The Daily News headline the next day had the aphoristic brevity of graffiti: "FORD TO CITY: DROP DEAD."
Soon a financial control board became the city's czar, and it laid off tens of thousands of workers. New York's current police commissioner, Ray Kelly, recalls watching dozens of officers, one after another, walk into his precinct house and hand in their badges and guns.
Now the Bush administration seems intent on trumping Ford, on a national rather than regional scale. White House officials could glance last week at a potholed national terrain, with more than half of the states bracing for staggering deficits this year and next. California faces a $34 billion hole, New York's is $12 billion and President Bush's home state of Texas anticipates a $9.9 billion shortfall through 2005.

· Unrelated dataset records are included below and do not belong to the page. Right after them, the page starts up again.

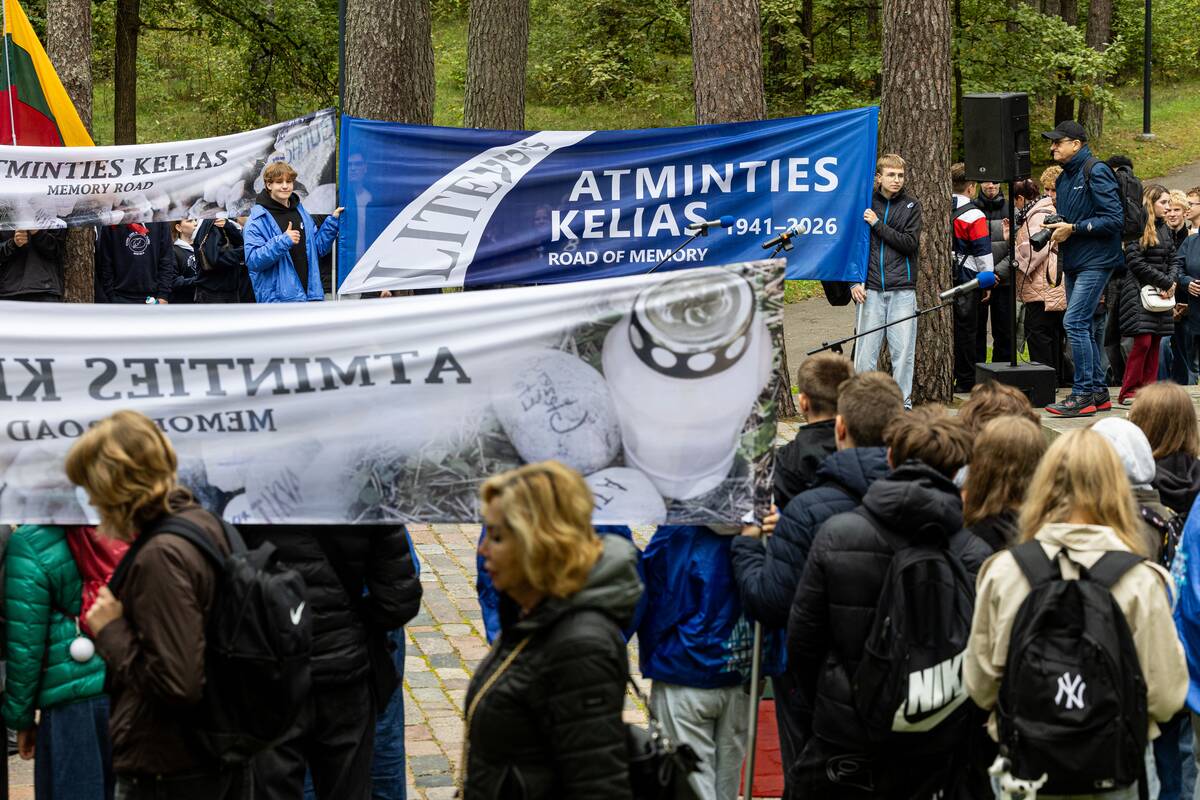 Holokausto aukų pagerbimo ceremonija ir „Atminties kelio“ eisena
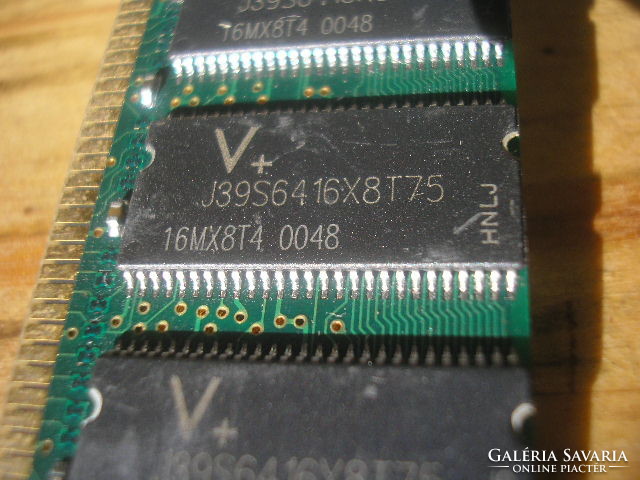 N34 MEMÓRIA  SDRAM 168 PIN PC133 128 MB  ANTIK RITKASÁG ELADÓ TESZTELÉS ALATT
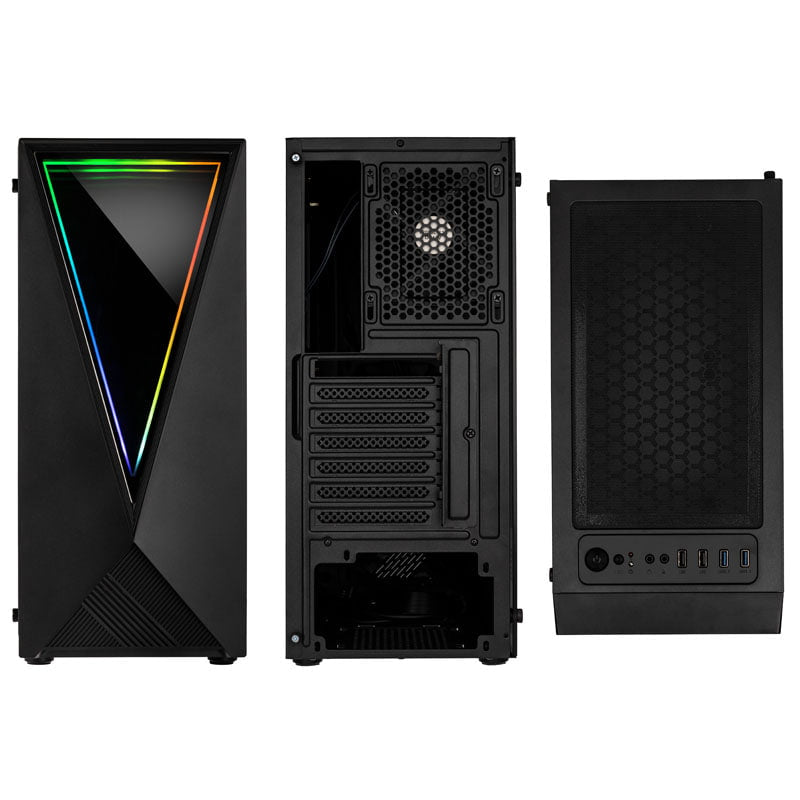 Kolink Void RGB Midi-Tower - Svart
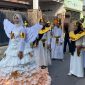 Ratusan warga memadati halaman Masjid Al-Mubarok yang berlokasi di Jalan Riyanto Nomor 17 Kota Mojokerto. (dok. Pribadi)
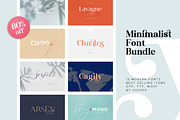 Minimalist Font Bundle • 80% OFF, a Serif Font by vuuuds (Thumbnail 1 of 47)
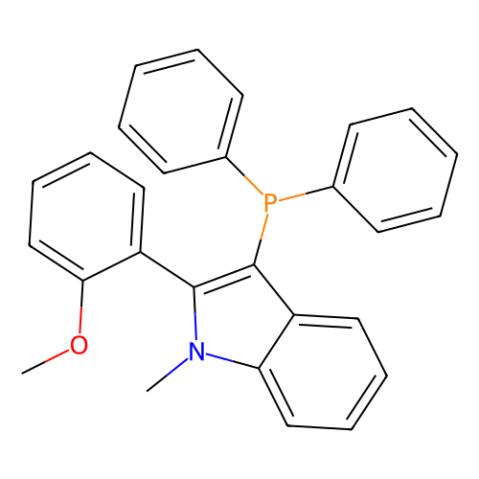 aladdin 阿拉丁 M281973 2-（2-甲氧基苯基）-1-甲基-3-二苯基膦基）-1H-吲哚PPh2-Andole-Phos 1242759-01-8 ≥98%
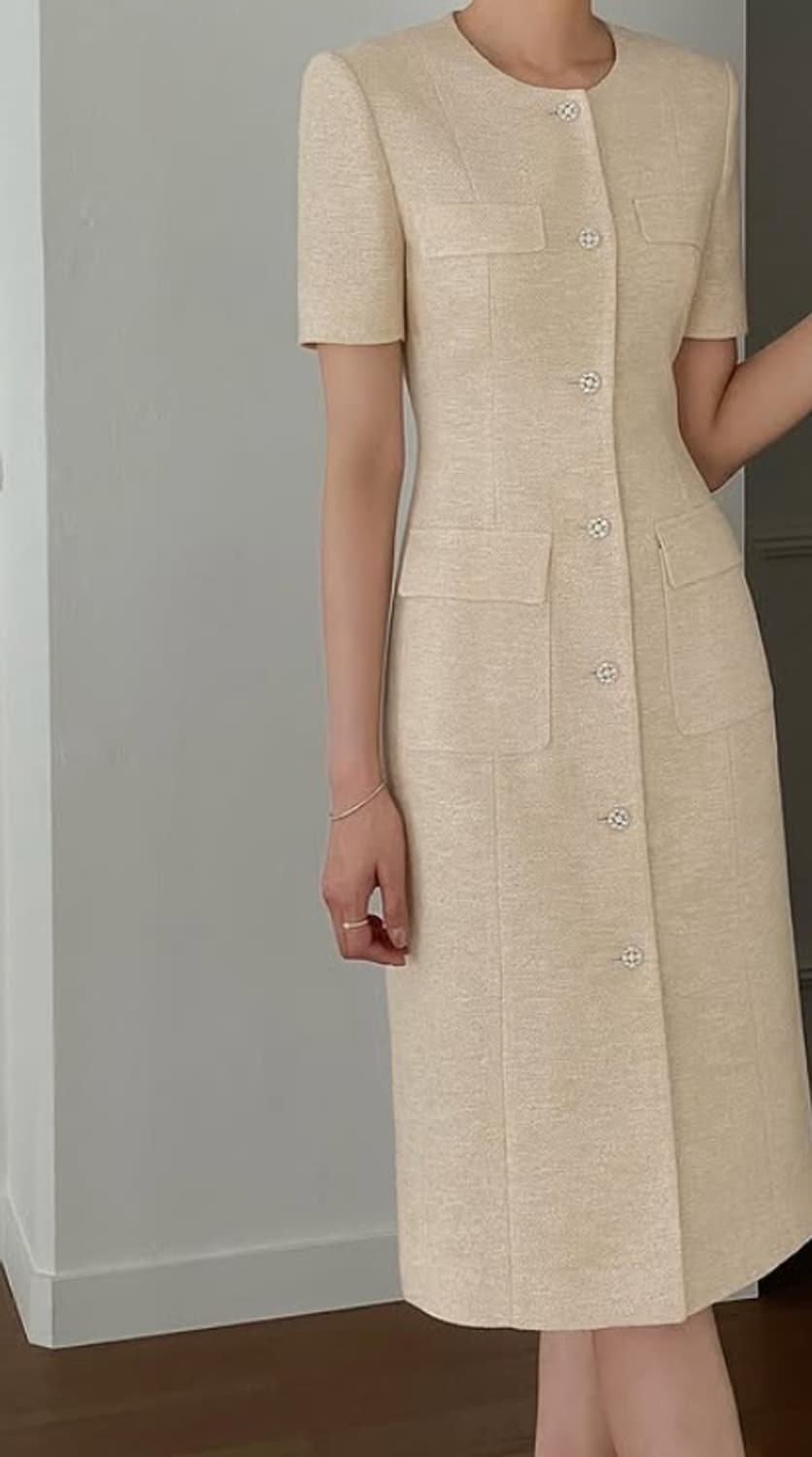 지수다움 리사 트위드원피스 상품이미지1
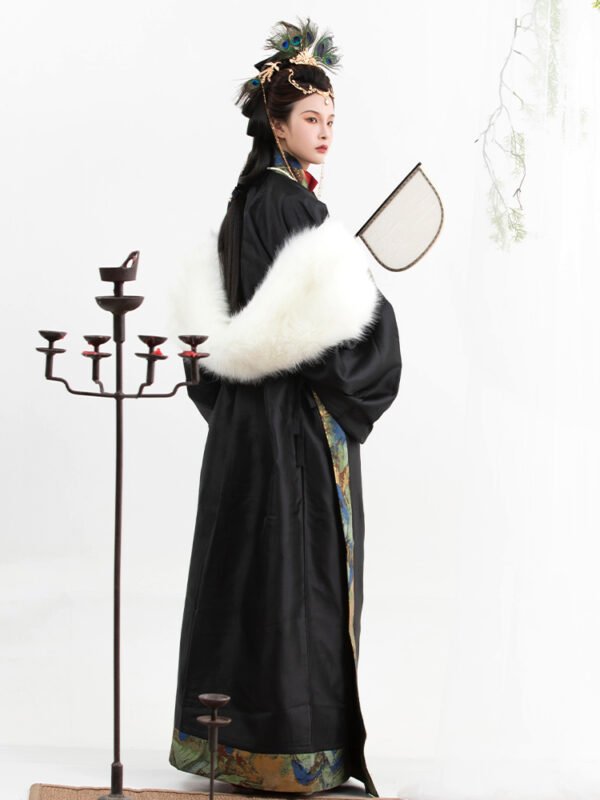 【Luoshu】Warring States Period Paomashan Chu Tomb-Inspired Modified Straight-Hem Robe Jacquard Spring/Summer Hanfu Women's Wear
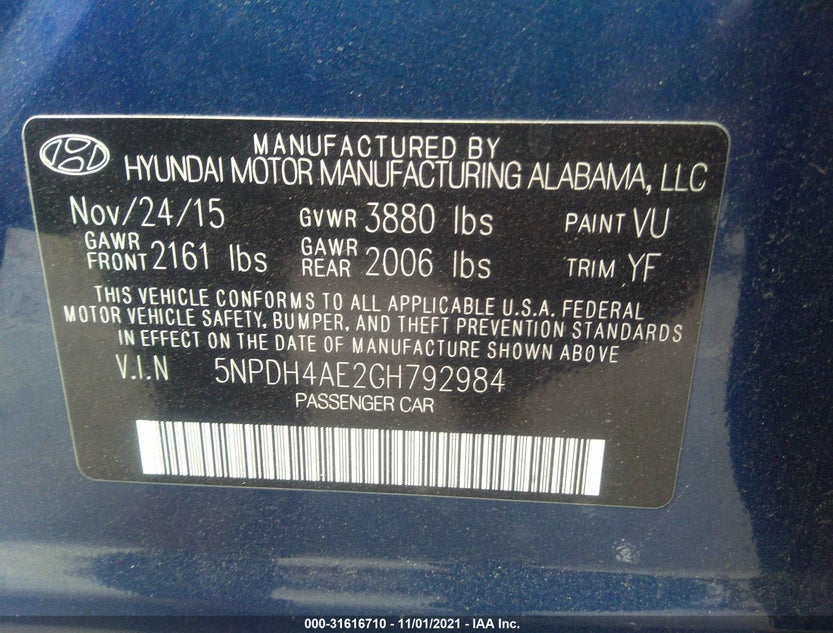 5NPDH4AE2GH792984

But rather than the sort of rescue package much wished for by the states, the administration is suggesting additional responsibilities. It proposes to replace the $13 billion Section 8 housing voucher program -- the country's main form of housing assistance for the poor -- with one that the states would run. The federal government would provide a lump sum payment to the states each year, but it has offered no assurances that enough federal funding will follow to keep the program whole. Federal officials already whisper their hope that hard-pressed state officials might prune back this "entitlement" program in the future.